Тем временем шли переговоры между Жаненом, Политцентром и Советом министров о сдаче последним власти Политцентру. Безвластное уже правительство, в котором при отсутствии его главы и заместителя С. Н. Третьякова председательствовал кадет А. А. Червен-Водали, затягивало переговоры, обговаривая некоторые условия, в частности, пропуск войск на восток. Правительство надеялось на успех сёменовцев и активную поддержку японцев. Но после неудачи семеновских частей оно фактически власть сдало. 3 января 1920 г. Совет министров посылает Колчаку в Нижнеудинск телеграмму с требованием об отречении от власти, передачи ее, как Верховному правителю, А. И. Деникину. А. В. Колчак в безысходном положении это требование выполнил, издав 4 января 1920 г. свой последний указ. Вместе с тем он предоставил «всю полноту военной и гражданской власти на всей территории Российской Восточной окраины» атаману Г. М. Семенову.

А. В. Колчак отдавал себе отчет, что он в ближайшее время может погибнуть и, следовате-льно, не сможет продолжить борьбу за освобождение России от деспотии коммунистов.
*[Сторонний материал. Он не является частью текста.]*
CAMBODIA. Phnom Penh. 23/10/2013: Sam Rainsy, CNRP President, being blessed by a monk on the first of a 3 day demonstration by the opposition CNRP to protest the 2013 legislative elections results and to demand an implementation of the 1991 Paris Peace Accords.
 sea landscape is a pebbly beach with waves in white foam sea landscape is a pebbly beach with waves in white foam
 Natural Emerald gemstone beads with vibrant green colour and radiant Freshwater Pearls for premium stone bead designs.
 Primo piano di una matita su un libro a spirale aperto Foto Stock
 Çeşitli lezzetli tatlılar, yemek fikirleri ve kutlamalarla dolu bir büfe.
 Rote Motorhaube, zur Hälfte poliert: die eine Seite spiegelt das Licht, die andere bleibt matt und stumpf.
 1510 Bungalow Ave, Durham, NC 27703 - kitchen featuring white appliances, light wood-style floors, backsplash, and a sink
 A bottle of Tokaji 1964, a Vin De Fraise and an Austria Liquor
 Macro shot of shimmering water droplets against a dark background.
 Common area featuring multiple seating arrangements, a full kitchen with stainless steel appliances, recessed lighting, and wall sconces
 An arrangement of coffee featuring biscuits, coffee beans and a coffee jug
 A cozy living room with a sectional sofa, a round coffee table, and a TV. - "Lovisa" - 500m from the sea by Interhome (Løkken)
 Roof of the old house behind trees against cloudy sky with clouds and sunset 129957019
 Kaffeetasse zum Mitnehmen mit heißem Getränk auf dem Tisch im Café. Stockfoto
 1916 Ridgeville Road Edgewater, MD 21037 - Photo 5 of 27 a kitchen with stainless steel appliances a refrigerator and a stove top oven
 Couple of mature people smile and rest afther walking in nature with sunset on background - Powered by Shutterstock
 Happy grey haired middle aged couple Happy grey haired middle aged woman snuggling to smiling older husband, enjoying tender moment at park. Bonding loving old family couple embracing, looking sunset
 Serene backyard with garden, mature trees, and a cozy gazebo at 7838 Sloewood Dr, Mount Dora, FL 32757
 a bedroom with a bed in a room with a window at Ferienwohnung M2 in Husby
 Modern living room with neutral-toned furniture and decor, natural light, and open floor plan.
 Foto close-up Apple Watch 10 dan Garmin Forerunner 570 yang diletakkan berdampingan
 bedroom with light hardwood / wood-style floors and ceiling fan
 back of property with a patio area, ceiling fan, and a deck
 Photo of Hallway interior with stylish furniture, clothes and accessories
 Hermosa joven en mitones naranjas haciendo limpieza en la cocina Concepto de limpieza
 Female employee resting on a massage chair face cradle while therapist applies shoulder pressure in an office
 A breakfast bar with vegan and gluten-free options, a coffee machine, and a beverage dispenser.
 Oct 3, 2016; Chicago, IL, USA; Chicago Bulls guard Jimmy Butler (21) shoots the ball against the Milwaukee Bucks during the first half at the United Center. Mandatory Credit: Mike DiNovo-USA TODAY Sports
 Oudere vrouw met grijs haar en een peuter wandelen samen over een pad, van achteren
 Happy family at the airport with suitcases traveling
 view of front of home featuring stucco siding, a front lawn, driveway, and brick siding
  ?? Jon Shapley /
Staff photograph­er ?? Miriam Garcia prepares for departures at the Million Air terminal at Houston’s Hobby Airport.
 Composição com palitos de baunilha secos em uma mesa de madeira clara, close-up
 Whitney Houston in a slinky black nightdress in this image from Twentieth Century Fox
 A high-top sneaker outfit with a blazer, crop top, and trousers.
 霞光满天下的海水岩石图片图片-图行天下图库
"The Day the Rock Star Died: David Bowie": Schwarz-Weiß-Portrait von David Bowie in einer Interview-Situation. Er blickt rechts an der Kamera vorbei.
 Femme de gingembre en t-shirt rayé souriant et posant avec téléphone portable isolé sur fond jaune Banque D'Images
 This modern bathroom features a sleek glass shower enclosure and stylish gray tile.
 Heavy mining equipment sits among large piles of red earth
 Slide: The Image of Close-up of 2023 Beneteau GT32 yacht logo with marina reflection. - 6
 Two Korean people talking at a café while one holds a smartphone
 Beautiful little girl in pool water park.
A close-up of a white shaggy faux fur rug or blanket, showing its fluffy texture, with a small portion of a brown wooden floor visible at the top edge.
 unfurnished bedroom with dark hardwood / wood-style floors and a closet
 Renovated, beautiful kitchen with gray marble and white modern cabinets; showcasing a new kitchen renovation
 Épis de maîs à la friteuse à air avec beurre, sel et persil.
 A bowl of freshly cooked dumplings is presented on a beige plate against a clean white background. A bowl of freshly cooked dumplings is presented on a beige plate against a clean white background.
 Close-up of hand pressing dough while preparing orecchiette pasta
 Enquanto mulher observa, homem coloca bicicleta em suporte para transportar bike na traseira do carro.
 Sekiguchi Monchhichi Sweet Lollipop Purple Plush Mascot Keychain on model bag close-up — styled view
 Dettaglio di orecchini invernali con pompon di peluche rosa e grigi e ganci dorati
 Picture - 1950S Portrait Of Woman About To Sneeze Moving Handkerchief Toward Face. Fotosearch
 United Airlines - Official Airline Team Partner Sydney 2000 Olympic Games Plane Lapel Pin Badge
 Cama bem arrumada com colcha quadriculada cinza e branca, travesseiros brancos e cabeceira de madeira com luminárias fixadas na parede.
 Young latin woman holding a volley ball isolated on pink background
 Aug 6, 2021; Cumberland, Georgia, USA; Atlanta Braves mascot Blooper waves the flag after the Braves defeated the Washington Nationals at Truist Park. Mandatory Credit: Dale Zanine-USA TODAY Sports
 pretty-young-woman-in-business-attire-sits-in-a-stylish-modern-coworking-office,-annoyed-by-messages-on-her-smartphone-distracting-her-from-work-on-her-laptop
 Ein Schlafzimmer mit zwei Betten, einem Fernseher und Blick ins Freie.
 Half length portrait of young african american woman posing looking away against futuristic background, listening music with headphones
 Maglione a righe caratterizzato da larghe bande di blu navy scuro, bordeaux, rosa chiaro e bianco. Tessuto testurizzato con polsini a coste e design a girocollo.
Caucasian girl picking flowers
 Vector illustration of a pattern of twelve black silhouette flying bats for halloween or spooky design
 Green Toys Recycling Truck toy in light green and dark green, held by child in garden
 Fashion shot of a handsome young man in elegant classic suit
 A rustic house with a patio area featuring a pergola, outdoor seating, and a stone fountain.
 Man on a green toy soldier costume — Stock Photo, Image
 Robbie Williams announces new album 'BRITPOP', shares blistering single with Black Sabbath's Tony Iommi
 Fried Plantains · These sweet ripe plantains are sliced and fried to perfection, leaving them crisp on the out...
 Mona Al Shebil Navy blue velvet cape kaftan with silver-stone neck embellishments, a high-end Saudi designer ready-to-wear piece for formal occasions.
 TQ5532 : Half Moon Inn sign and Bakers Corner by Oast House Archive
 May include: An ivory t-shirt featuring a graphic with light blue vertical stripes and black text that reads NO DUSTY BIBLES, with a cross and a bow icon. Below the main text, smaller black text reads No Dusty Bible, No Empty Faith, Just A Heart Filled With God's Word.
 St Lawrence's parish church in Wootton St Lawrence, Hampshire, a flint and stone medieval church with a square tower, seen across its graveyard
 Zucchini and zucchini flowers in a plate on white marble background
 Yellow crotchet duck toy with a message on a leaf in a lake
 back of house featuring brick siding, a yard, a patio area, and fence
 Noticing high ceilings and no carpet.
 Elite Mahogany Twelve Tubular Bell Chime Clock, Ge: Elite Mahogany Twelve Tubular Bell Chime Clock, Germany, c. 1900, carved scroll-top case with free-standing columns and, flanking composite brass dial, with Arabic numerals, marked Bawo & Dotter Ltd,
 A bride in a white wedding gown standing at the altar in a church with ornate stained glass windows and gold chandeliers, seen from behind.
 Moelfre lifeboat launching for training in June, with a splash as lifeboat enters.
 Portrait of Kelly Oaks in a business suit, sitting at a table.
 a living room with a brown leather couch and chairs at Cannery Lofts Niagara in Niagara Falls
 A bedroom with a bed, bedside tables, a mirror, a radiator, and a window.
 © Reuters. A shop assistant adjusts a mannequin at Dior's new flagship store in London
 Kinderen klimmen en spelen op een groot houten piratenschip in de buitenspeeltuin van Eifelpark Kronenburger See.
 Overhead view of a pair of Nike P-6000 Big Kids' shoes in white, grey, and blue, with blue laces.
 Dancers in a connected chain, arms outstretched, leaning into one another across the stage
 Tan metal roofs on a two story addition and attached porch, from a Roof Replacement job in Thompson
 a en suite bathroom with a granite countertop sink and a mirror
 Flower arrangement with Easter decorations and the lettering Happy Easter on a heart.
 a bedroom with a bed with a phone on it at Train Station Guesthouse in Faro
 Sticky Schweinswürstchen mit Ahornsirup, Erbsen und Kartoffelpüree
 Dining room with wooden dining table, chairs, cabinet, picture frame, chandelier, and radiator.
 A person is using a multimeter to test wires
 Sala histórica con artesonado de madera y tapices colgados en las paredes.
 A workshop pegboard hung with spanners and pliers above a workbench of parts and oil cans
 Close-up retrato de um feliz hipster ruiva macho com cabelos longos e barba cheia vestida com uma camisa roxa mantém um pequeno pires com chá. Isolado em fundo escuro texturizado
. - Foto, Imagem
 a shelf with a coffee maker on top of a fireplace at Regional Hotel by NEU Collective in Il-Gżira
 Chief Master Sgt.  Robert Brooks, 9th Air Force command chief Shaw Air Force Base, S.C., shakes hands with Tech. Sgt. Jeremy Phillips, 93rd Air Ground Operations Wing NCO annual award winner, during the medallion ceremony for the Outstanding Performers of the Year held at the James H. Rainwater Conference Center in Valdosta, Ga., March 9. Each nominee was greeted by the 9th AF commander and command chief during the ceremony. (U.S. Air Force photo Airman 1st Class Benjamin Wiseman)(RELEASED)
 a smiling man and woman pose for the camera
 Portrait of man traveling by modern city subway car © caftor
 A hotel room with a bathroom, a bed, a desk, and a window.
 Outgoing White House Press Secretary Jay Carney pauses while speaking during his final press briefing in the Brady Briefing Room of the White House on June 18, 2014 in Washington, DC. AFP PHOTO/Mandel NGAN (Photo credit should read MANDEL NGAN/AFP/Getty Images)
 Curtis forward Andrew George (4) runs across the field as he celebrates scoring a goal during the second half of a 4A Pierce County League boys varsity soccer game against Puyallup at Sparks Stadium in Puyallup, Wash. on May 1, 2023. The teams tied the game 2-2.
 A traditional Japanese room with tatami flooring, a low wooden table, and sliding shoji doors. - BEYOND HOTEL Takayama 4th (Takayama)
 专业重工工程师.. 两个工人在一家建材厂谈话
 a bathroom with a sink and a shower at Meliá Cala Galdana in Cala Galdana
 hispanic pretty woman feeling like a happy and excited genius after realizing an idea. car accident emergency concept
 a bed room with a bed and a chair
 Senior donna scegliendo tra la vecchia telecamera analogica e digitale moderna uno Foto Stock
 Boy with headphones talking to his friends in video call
Мозг его сдавливала мысль, что, может быть, следует разделить судьбу гибнущего белого дела в Сибири, уйти из жизни. «За все надо платить», — говаривал он не раз. Но правильно ли это будет, и погибло ли дело? Он и его помощники обдумывали вопрос о спасении, уходе с охраной в Монголию. После того, как выяснилось, что солдаты конвоя перешли на сторону руководимых большевиками нижнеудинских рабочих, а офицеры высказались за то, чтобы скрываться поодиночке, Колчак понял, что он предан и практически спасения нет. Теплилась слабая надежда на представительства союзников, генерала Жанена. Но он нутром, по поведению чехословаков, чувствовал, что предан или будет предан и ими.

Сколь бы А. В. Колчак ни был мужественным, а он был именно таким, он тяжело переживал все происшедшее. М. Жанен, наблюдая состояние А. В. Колчака еще в период эвакуации, отмечал: «Колчак похудел, подурнел, выглядит угрюмо, и весь он, как кажется, находится в состоянии крайнего нервного напряжения. Он спазматически прерывает речь. Слегка вытянув шею, откидывает голову назад и в таком положении застывает, закрыв глаза». Но такие проявления наблюдались, видимо, все же в минуты крайнего нервного напряжения, слабости. В общем же он проявлял завидную в его положении выдержку. Но близкие люди, ехавшая с полдороги с ним А. В. Тимирева (он ее, больную испанкой, перевел из вагона эшелона с золотым запасом к себе) не могли не заметить огромную в нем перемену. Он враз поседел и сильно осунулся. И все же какая-то слабая надежда на спасение, личную безопасность в нем еще теплилась. Он мало верил союзникам, но решил все-таки положиться на них. В Нижнеудинске Александру Васильевичу было заявлено, что он взят под международную охрану. Личная охрана его (остатки конвоя) была удалена и заменена чехословацкой. На деле же новая охрана его уже не «охраняла», а «стерегла». Ему, как и Пепеляеву, был предоставлен только один вагон (2-го класса). Оба вагона были расцвечены союзными флагами. «Золотой эшелон» еще 3 января был передан под чешскую охрану. Вагоны Колчака и Пепеляева прицепили к эшелону одного из чехословацких полков и отправили на Иркутск. В Черемхове, где фактическая власть уже тогда находилась у коммунистов, по их настоянию, в вагон села и их параллельная «охрана» из 8 вооруженных рабочих во главе с командиром партизанского отряда В. И. Буровым.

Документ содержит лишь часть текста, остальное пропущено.